Two years ago, we could have acted decisively to end the Syrian civil war before it really got started. We could have made a realpolitik decision to support Assad, who, though a vicious brute to his own people, mostly minds his own business. Or we could have thrown in wholeheartedly with the rebels, picking one faction to provide with arms and international prestige, keeping (maybe) the worst elements out of power.
Instead, the Obama administration dithered, denouncing Assad and drawing lines in the sand over his behavior, then backing away every time he crossed one. We managed to alienate both sides as well as convincing all concerned that our bark had no bite.
In short, Obama has adopted as his guide Jimmy Carter's foreign policy of 1979, when the United States cluelessly half-yanked the rug from beneath the shah in Iran and Anastasio Somoza in Nicaragua, then primly tsk-tsked their opponents. The eventual result was that two of our allies were replaced with regimes implacably hostile to our interests, which quickly began destabilizing everything around them. Sadly, that's now the best possible outcome in Syria. If the War Party get its way, you'll see the worst.
And there's this as well, which is just as important. Polls show that Americans are very much against sending U.S. troops into Syria (68 percent opposed according to a recent Huffington Post/YouGov poll), with 51 percent against even sending arms to the rebels (go here for more info). Those numbers track closely with Gallup, which also shows 68 percent using "military action to attempt to end the conflict."
Anybody living outside the Washington Beltway should be thinking long and hard why reluctance to go along with this policy prescription is getting Rand Paul denounced as a libertarian loon. The problem in our capital is not that there's too much division between Republicans and Democrats, but that they've merged into a single War Party when it comes to the Middle East.
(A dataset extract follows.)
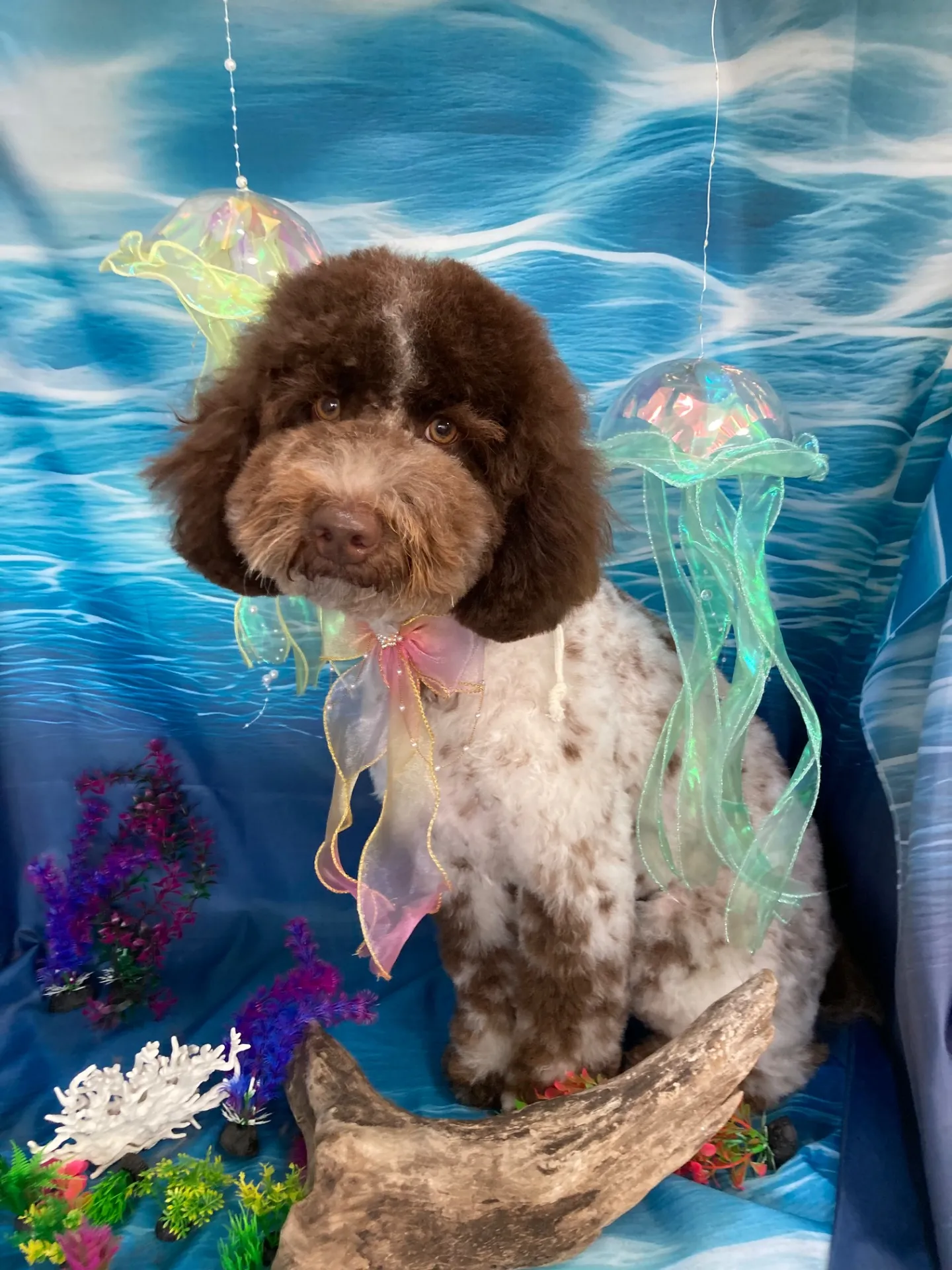 テンテンちゃん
Despite having a soft spot for Murray Rothbard, Garvin is no general peacenik and implicit in his take is an important point for those who generally favor intervention in Syria and elsewhere: The Obama administration has done next to nothing to explain why we should be intervening, other than to issue some offhand comments about chemical weapons being a red-line trigger (now that it seems both sides have used them, what do we do?). As in Libya, there are vague and not-so-vague gestures toward humanitarian intervention to prevent atrocities. Those may be noble goals—even if they rarely achieve their goals—but they don't substitute for serious discussion of U.S. goals and aims, much less assurances of how an operation might work.
I'm not in favor of intervening in Syria and I'm not sure of the arguments that would sway my mind, but it's amazing to think that the Obama admin—along with hawks such as John McCain, last seen calling for heavy weapons for the rebels and posing with apparent kidnappers of religious pilgrims—don't even feel a need to sell the next new war to the vast majority of Americans who are against war.